ミュージカルが苦手な人にはおすすめしませんが、
ミュージカルだから、という理由で観ないのはちょっともったいない
作品です。

 小難しい事は考えずに、欧米人にしか作れない、過剰なまでに
豪華なエンターテインメントに身を委ねるのが正しい鑑賞の仕方かと
思いました。

 舞台は1964年のイタリア。世界的な映画監督グイドは
注目される新作の撮影を間近に控えながら、構想が全く浮かばず
自らの才能の枯渇に怯えていた。
 彼をとりまくのは、妻の他に愛人や主演女優など様々な女性達。
彼女達との関係にも行き詰まり、グイドはしだいに追いつめられて
いく・・。

 「シカゴ」のロブ=マーシャル監督の描く、華麗で、その分影も濃い
世界。シカゴほど度肝を抜かれるスタイリッシュな演出はないんですが、主人公グイドや女性たちの心象風景が、圧巻の歌とダンスで
表現されています。
 「歌と踊り」というのは、最も原始的な表現方法の一つですが結局
そのシンプルな方法が魂に訴えるのかもしれません。
 もちろん、音楽も演出もものすごくかっこよく、シンプルな方法を究極まで高めるとこうなる、という作品でした。

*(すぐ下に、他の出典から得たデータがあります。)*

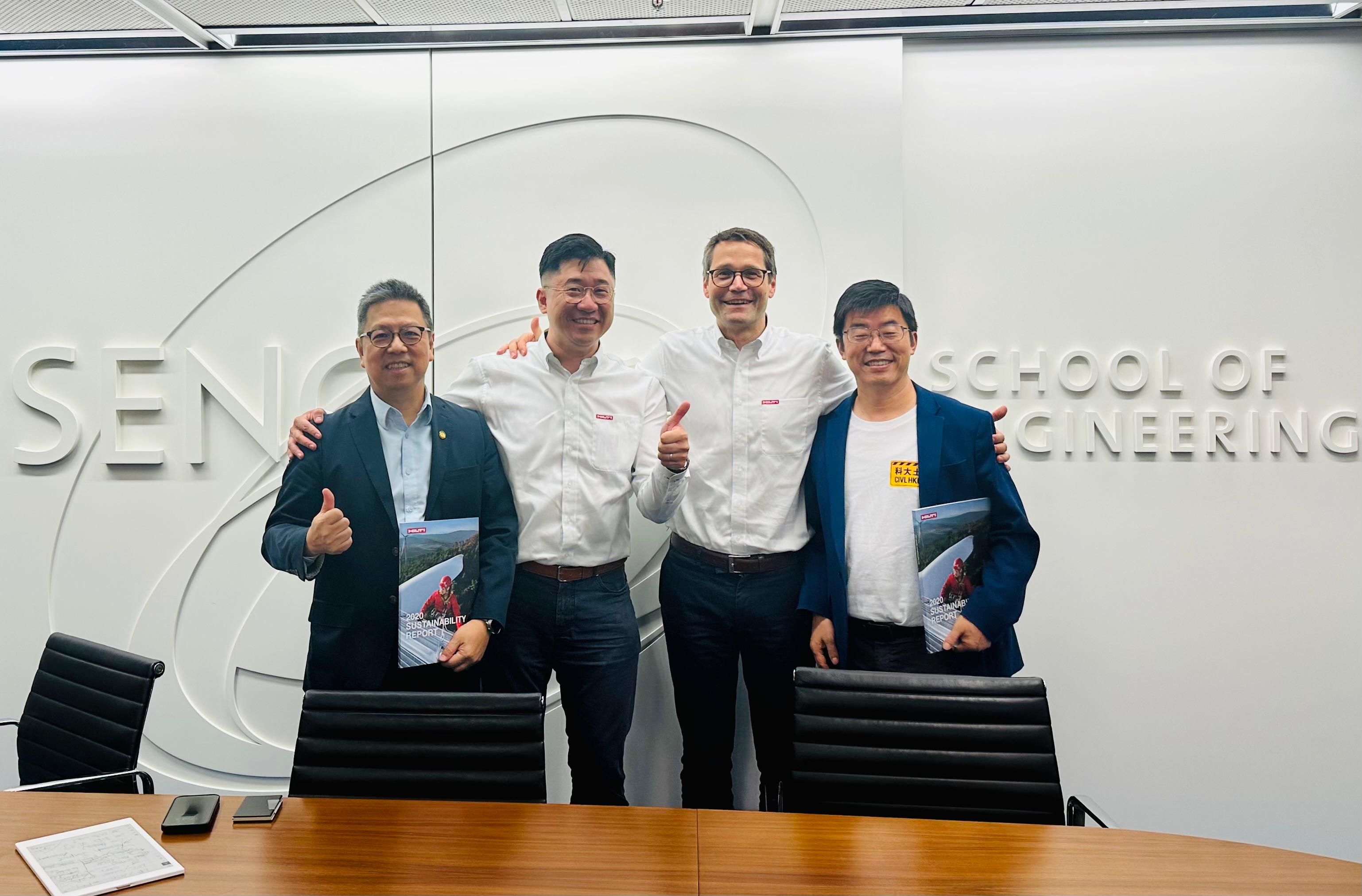 Hilti management meeting with HKUST professors, showcasing the dedication of Michael (second left) to fostering industry–faculty collaboration. Pictured with Hilti Executive Board member Thomas Hillbrand (second right), Prof. Hong K. Lo, Dean of Engineering, HKUST (first left) and Prof. Zhang Limin, Head and Chair Professor, Department of Civil and Environmental Engineering, HKUST (first right).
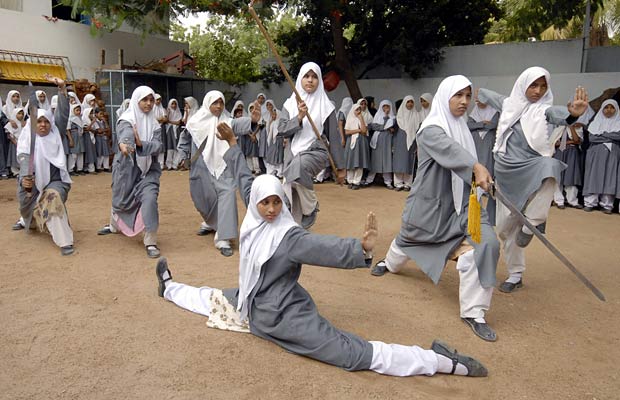 Indian Muslim Girls A group of Indian Muslim girls at a school in Hyderabad training in the martial art of Wushu, a type of Kung Fu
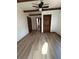 Bright bedroom with hardwood floors and natural light at 690 Antioch Rd, Powder Springs, GA 30127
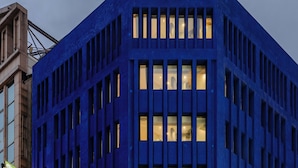 A modern building with a blue facade and multiple windows. - The Blue By Just Inn (Taipei)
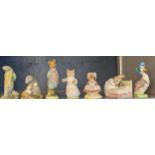 A collection of seven Beswick Beatrix Potter models to include Jemima Puddleduck, Peter in bed, Foxy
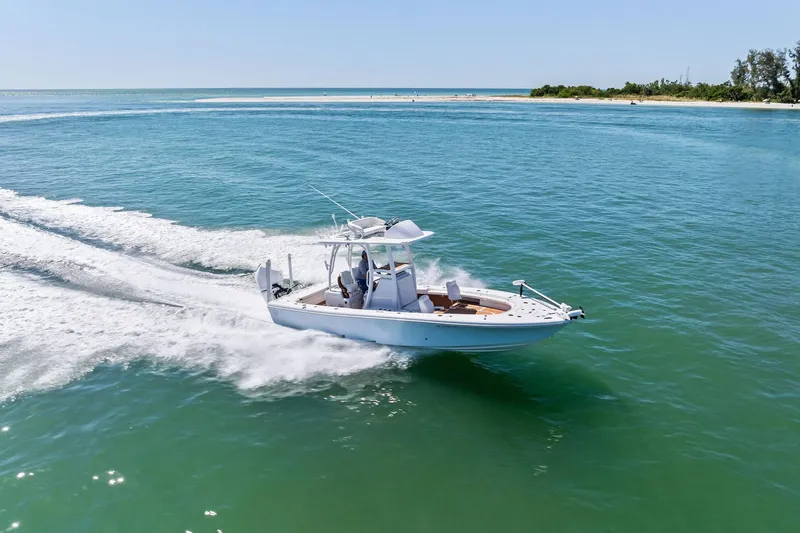 Slide: The Image of 2021 Barker Boatworks 26 Open cruising on clear blue water near a sandy shoreline. - 49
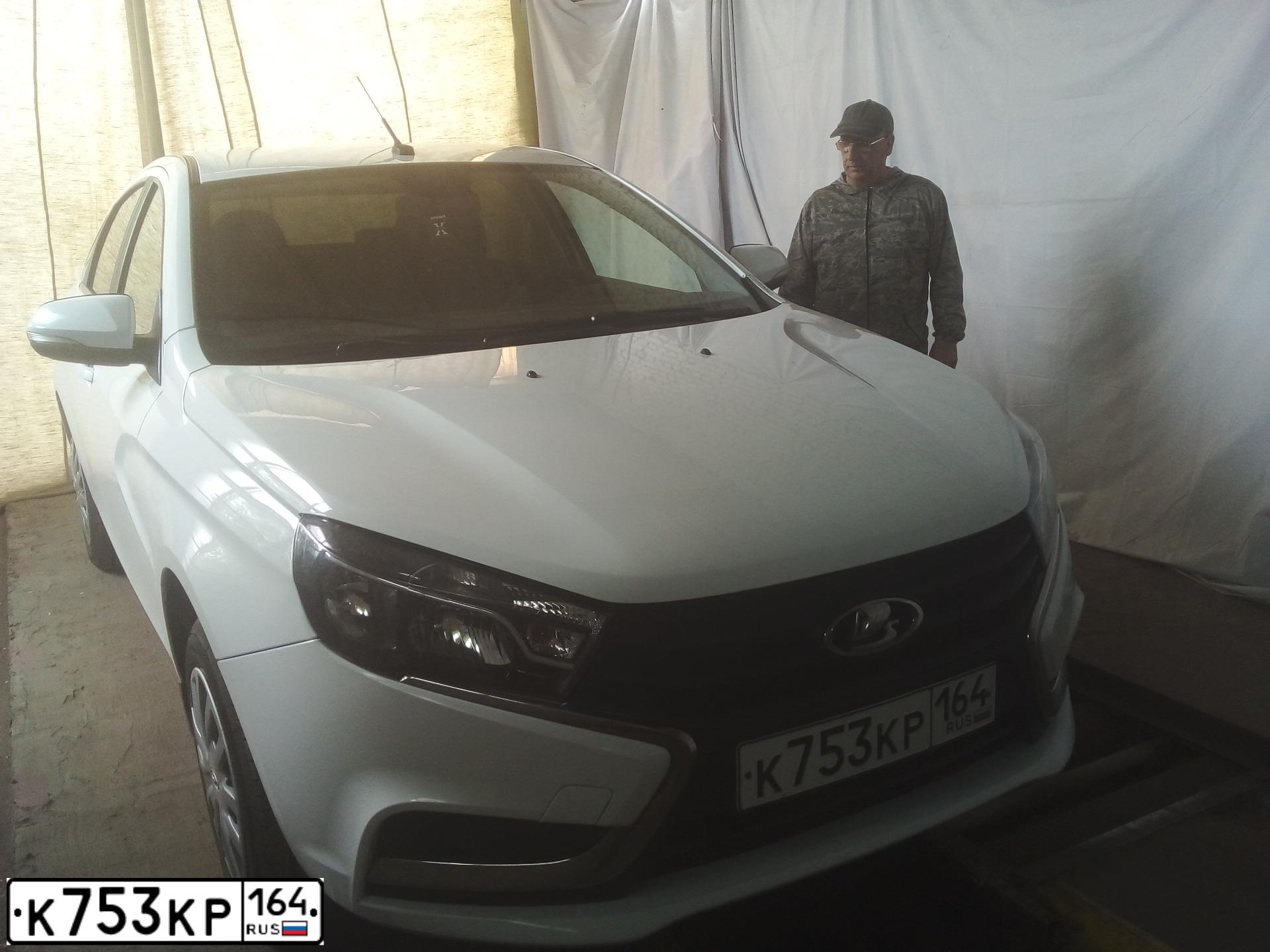 Фото автомобиля LADA VESTA, 2019 — госномер Х384НО136. Цвет: Белый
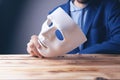 Businessman holding white mask in his hand Royalty Free Stock Photo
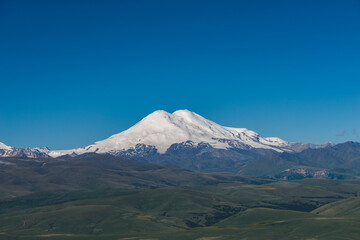 Snow-Capped Mount Elbrus Peak Against Clear Blue Sky
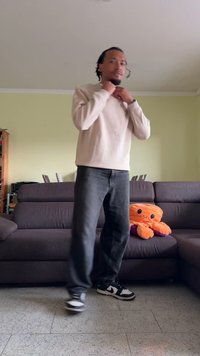 Top de mangas longas bege claro, jeans escuros e ténis preto e branco usados por uma pessoa numa sala de estar com um brinquedo de polvo laranja suave.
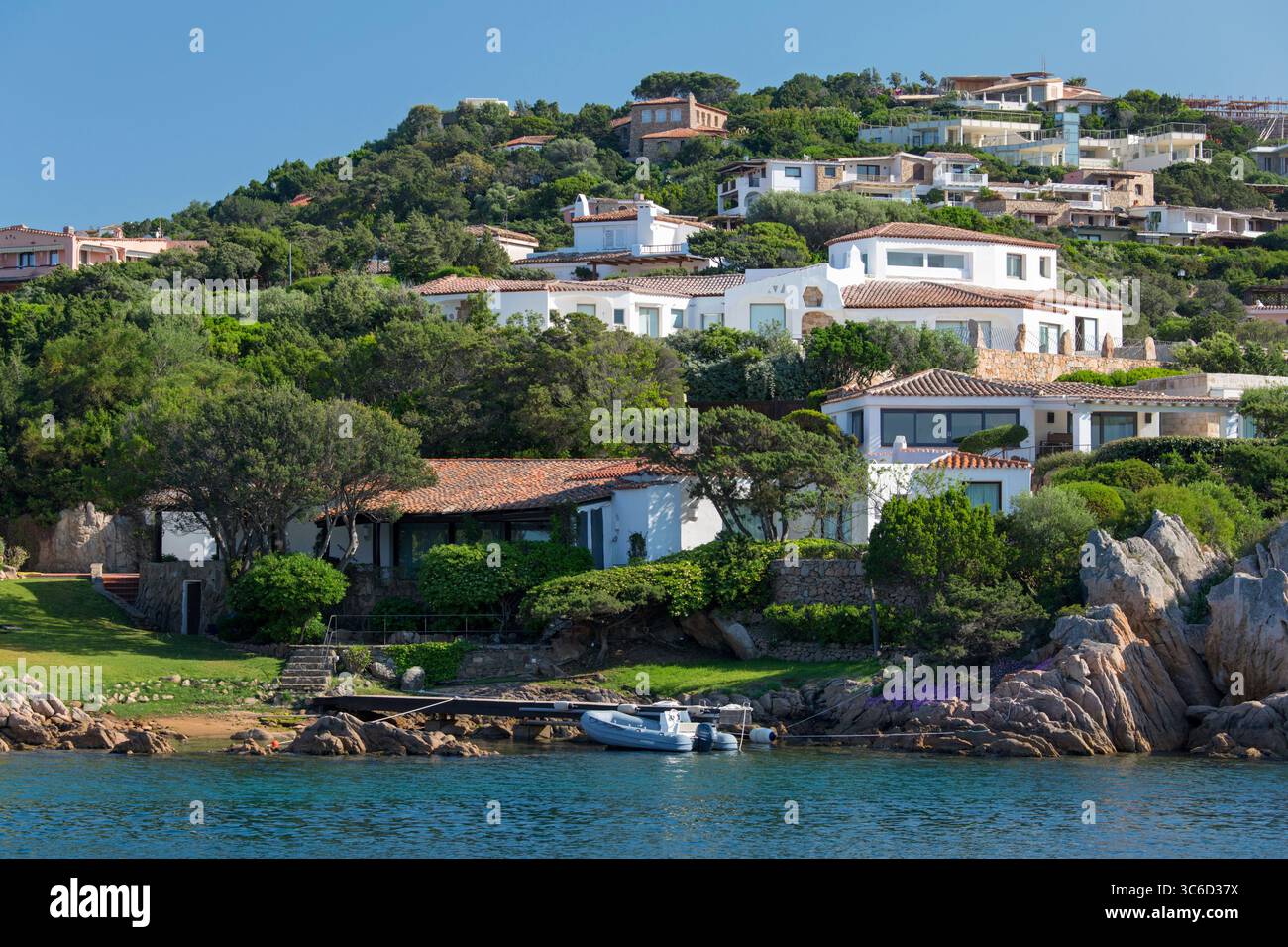 Porto Cervo, Costa Smeralda, Gallura, Sardegna, Italia. Grandi case di lusso aggrappate a verdeggianti colline sopra il porto. Foto Stock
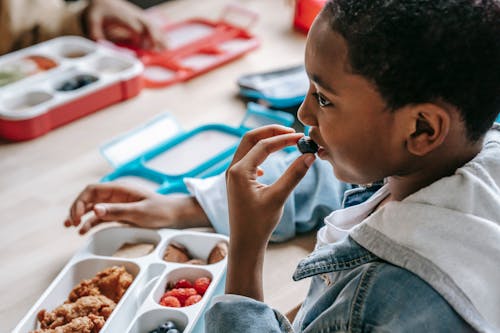 Crop black boy eating blueberries in school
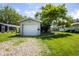 Garage with a white door, gravel driveway, green lawn, and large tree providing shade at 4625 N Sadlier Dr, Indianapolis, IN 46226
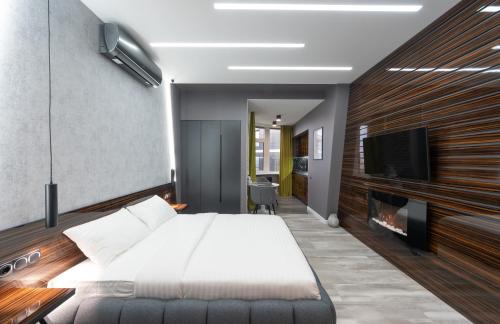 a bedroom with a bed and a flat screen tv at Luxury Apartments Arena Guliver in Kyiv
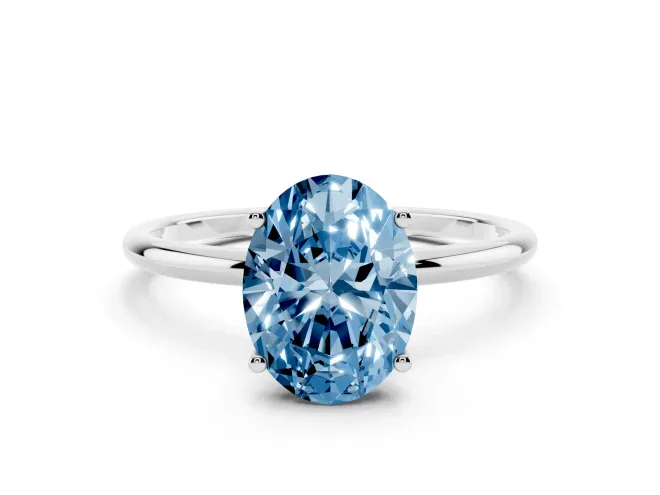 Fancy Blue Oval Cut Diamond Solitaire Engagement Ring Set in Platinum with Thin Band and Prong Setting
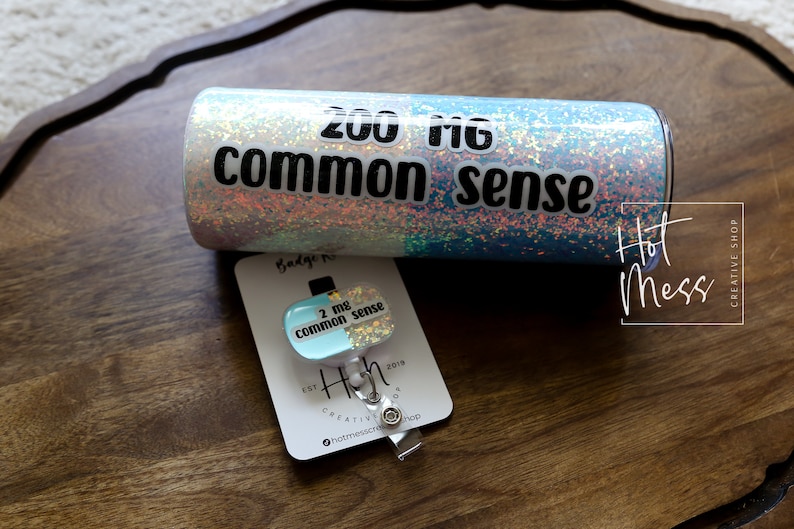 May include: A turquoise and iridescent glitter tumbler with the text "200 mg common sense" and a matching badge reel with the text "2 mg common sense".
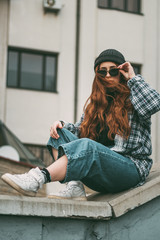 Image of a pleased happy cute young student curly girl sitting on bench outdoors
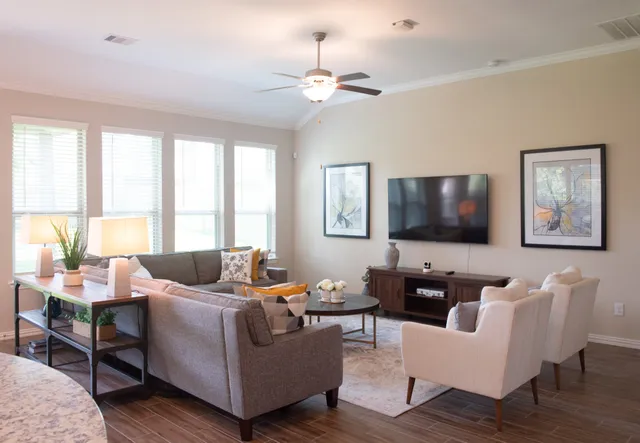 a living room with furniture and a flat screen tv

 なんといっても女優陣が、1本の映画でこんなに〜と思うほど豪華。
ニコール=キッドマンに、ペネロペ=クルス、マリオン=コンティアール。ジュディ=デンチ(007のM)!。
 綺羅星のごとくとはこのことです。なんかトクした気分になれます。

 なんといってもグィドの母親役のソフィア=ローレンの風格には
恐れ入りました。しかも40年くらい前の「ひまわり」の時と
あんまり変わってないような・・。
 70とっくに過ぎても、女。胸の谷間はマスト。
イタリア女の心意気をみました。


 ストーリーはあんまり気にせず、映画館で楽しみたい映画でした。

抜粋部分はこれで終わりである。